We Crave Value. They Give Us GDP.
All human action is purposeful. Those are the words of an economist – Ludwig von Mises – not a preacher. Every one of us has goals we are working towards, many goals at many levels, from achieving lifetime status to getting our kids into a good school, to looking forward to a nice dessert after dinner.
Economics is the science of achieving our purpose. It’s the science of choosing the right goals and choosing the right ways to achieve those goals. Economists call these ends and means. When we feel like we have chosen appropriate ends and found the right means to get there, we experience value.
Value is what we want. Value is what we crave. Value is a feeling, an experience of satisfaction, especially if the learning process to define good ends and effective means is a long one, a path of challenges and errors. Think of the value of completing a certification in some skill or profession, for example. There’s a lot of work and a lot of time that goes into it. It’s necessary to choose which certification to go for, necessary to sacrifice some things you’d rather be doing than studying or putting in workshop time or practice, it’s necessary to pass an exam or a test of some kind with all the stress and preparation that precedes it. Then you get the certification. That feeling of accomplishment, of pride, of a new pathway opening up in front of you, that’s what the economist calls value.
The purpose of every firm engaged in commerce is to generate value for customers. In reality, it’s the customer that creates the value because only the customer can experience that feeling. No customer, no value. The firm is a helper, a facilitator of value. The firm can produce the means for the customer to choose in order to pursue desired ends.
Value becomes a process – a process of interaction between producer and end-user. The end-user is learning what to want by prioritizing the importance of their own ends, comparing alternatives, weighing up opportunity costs (what would they choose if they didn’t choose this and switched to something else?), and assessing actual value in use compared to what was promised by the producer. The value learning process never stops.
Value seekers are rigorous in their evaluations. They’re willing to take time to get to the point of value. That’s why producers are constantly trying to persuade them to “buy now”, or yelling “offer ends this week” or otherwise trying to generate urgency. Value seekers are willing to save now for the future, when they believe value might be higher (they can buy something more valuable with their savings) even though our hedonistic society seems to assign more importance to immediate gratification. Value seekers are willing to make trade-offs, foregoing even attractive propositions when they are confident in their relative assessments of what’s better for them. There is self-discipline in value-seeking.
The private sector of entrepreneurial firms strives to help customers to realize value. Entrepreneurship can be defined as the creative pursuit of new customer value.
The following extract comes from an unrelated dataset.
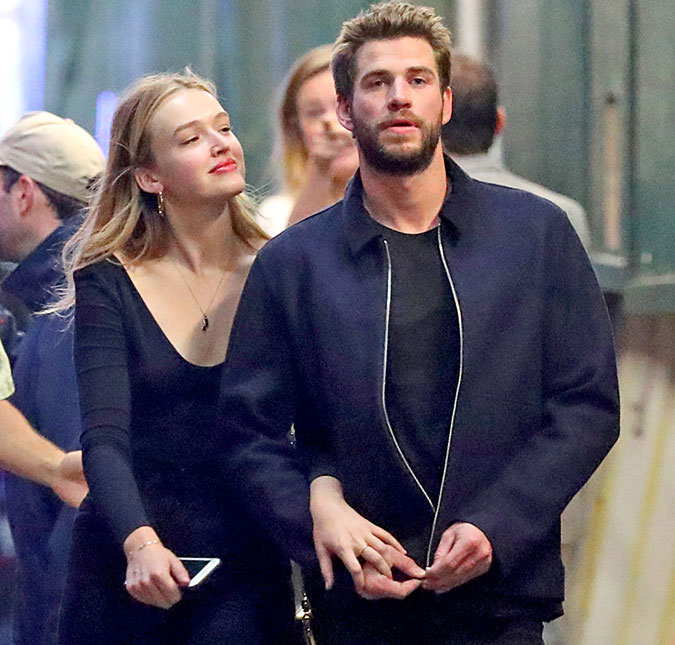 Liam Hemsworth revela dificuldade no relacionamento com Chris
The greatest enemy of value is government. At the base of their anti-value stance is the measurement and pursuit not of value, but of a metric the government publishes under the name of GDP. GDP is the antithesis of value, quantitative not qualitative, numbers not feelings, about prices rather than value and spending rather than value experiences. Because GDP reflects spending, and because governments have justified their intervention into the economic activities of their citizens by expressing the goal to “grow GDP”, they urge us to spend, spend, spend. When we don’t, they “stimulate”, with more government, spending (using money conjured out of thin air) aiming to encourage more personal spending.
Worsening an already bad arrangement, government aims for inflation: the increase in prices across the board, lowering the purchasing power of every citizen. The result is less value. We buy cheaper food rather than the most healthy or nutritious food. And government encourages the Big Food producers who make the cheap, unhealthy, non-nutritious food, with subsidies (like the never-ending sugar subsidy) and programs like the Food Pyramid, and many more. Because of inflation, people invest less in their human capital of fitness and health; it’s more expensive under conditions of inflation to maintain that gym membership or buy that bike. Same with education, which is getting worse and worse, especially at k-12 level and especially in poorer neighborhoods. The scarce resource of education is assigned by zip code, not by value. In general, the government wants price inflation because it’s more value for them (they value the power they get from the money they print) and less value for us.
We get less value in foods, replaced by more cheapness
We get less value in gasoline, they get more self-righteousness through “green” energy claims.
We get less value in transportation, via an increasingly bad experience, whether driving or taking public transportation. They get more usage by forcing it on us.
We get less value in medical care, they get more control (which they value highly) through regulation and legislation and cronyism with Big Pharma and Big Insurance.
We get less value in the landscape, and we get water rationing. They get to expand the powers of the Bureau Of Land Management.
We get less value in energy grids that don’t work, and rolling blackouts. They get monopolies they can control and to preach sermons about climate change amelioration.
Governments extract value from their citizens, and from the producers of value who serve citizens. They divert attention from their value extraction by pointing to GDP growth. There’s no need to be fooled. Pay no attention to GDP statistics. Ask yourself, is my life experience improving? Is that of my family? My community? Take your own actions to improve value for yourself. Your own subjective value creation, and value co-creation with the producers who align with your purpose, will guide you. Don’t tolerate value extraction.